CIBR has higher volatility (10.90%) compared to FXG (3.20%). In terms of maximum drawdown, FXG dropped -38.69% vs CIBR's -33.89%.
On 10-year performance, CIBR leads with 18.49% vs 4.23% for FXG. On fees, CIBR is cheaper at 0.60% per year. On volatility, FXG has been the lower-risk option at 3.20%. The better choice depends on whether you care most about return, fees, risk, or income.
Over the 10-year period, CIBR has performed better with a 18.49% return vs 4.23%. Past performance does not guarantee future results, so compare this with risk, fees, and fund exposure.
CIBR is cheaper with a 0.60% expense ratio, compared with 0.63% for FXG.
FXG has the higher dividend yield at 2.90%, compared with 0.45% for CIBR.

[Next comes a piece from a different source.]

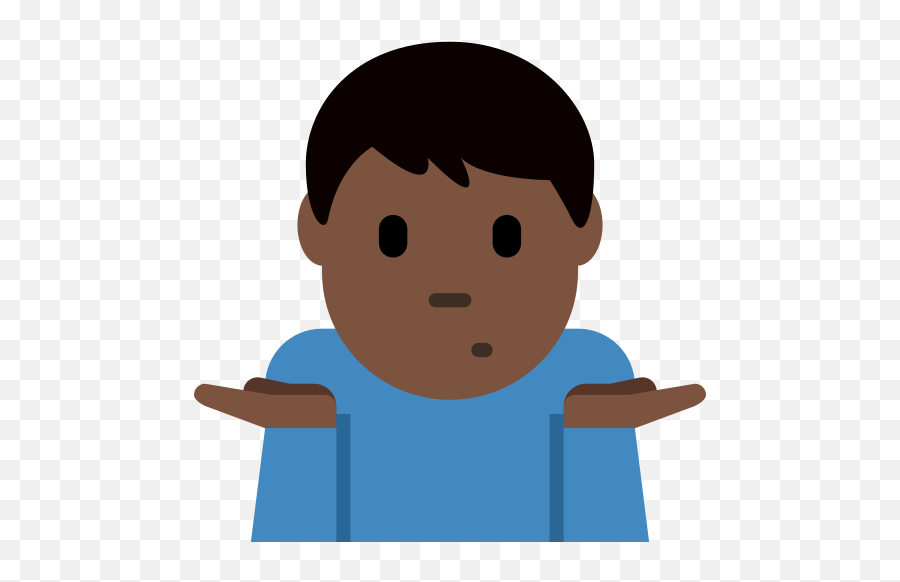 U200d Man Shrugging Dark Skin Tone Emoji - Black Shrugs Emoji Png,Boy Emoji Png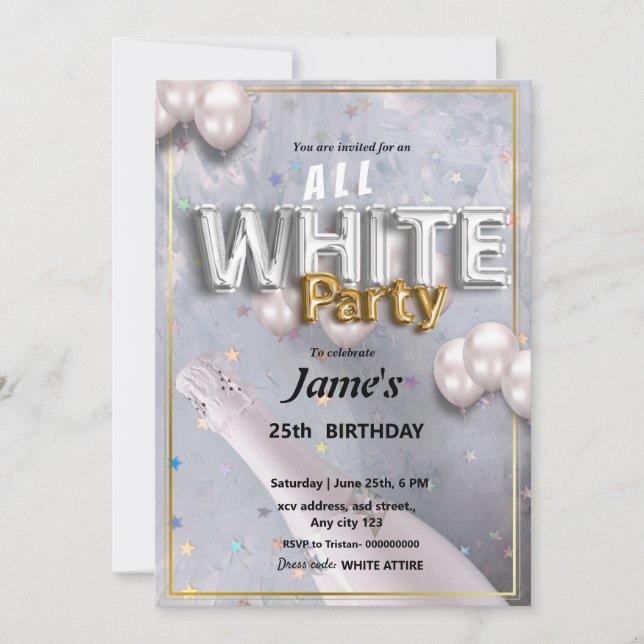 All White Affair or party Invitation (Front)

FXG is categorized as Consumer Staples Equities, while CIBR is Technology Equities. FXG tracks StrataQuant Consumer Staples Index, while CIBR tracks Nasdaq CTA Cybersecurity Index. Their fees differ too: 0.63% for FXG and 0.60% for CIBR.
CIBR currently has the higher Sharpe Ratio (1.06 vs -0.18), meaning it's delivered slightly more return per unit of risk over the trailing 12 months. However, this ranking shifts over time - use the Risk/Return Score above for a more comprehensive view that combines Sharpe, Sortino, and other measures used by quantitative funds.